Enhanced Resource Usage Tracking in Oracle Autonomous Database on Dedicated Exadata Infrastructure and Cloud@Customer

October 11, 2023 | 8 minute read
Ranganath Srirangapatna Ramachandra
Principal Product Manager
Text Size 100%:

In the world of data-driven enterprises, Oracle Autonomous Database on Dedicated Exadata Infrastructure and Cloud@Customer (ADB-D and ADB-CC) has established itself as a game-changer, offering a fully automated service that simplifies the development and deployment of application workloads. While it provides users with a user-friendly experience and advanced features like compute auto-scaling, RAC, and Autonomous Data Guard, there's a critical aspect that operates behind the scenes: automated resource management.

This complex mechanism often remains hidden from users, sometimes leading to a sub-optimal understanding of how some of the features work or how the Exadata resources are utilized. In response to this, ADB-D is introducing Enhanced Resource Usage Tracking. This feature enables customers to gain granular insights into resource consumption, empowering them to optimize capacity utilization effectively.

Understanding the Resources

Before going deeper into how Enhanced Resource Usage Tracking improves capacity planning, let's get acquainted with the critical resources within an Autonomous Exadata VM Cluster:

  • CPU Count per VM or Node: This denotes the CPUs allocated to the cluster.
  • Maximum Number of Autonomous Container Databases: This influences the local storage reservation and dictates how many Autonomous Container Databases you can create in the cluster.
  • Database Memory per CPU (GB): The memory allocated per CPU within the cluster.
  • Database Storage (TB): The data storage allocated for Autonomous Databases within the cluster.

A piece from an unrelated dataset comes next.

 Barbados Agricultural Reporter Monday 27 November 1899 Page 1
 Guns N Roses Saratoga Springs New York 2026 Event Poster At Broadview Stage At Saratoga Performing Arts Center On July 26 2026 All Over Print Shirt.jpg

Memory is always allocated in relation to CPU, so in this blog we’ll focus on enhanced usage tracking for CPU, Number of Autonomous Container Databases and Database Storage. Let's dive into these key aspects and their enhancements.

Enhanced CPU Resource Management

Understanding CPU components provides users with valuable insights into how CPU resources are allocated and managed within the Autonomous Exadata VM Cluster. Reserved CPUs play a vital role in supporting various operations, including auto-scaling and VM failover, while reclaimable CPUs offer opportunities for efficient resource utilization.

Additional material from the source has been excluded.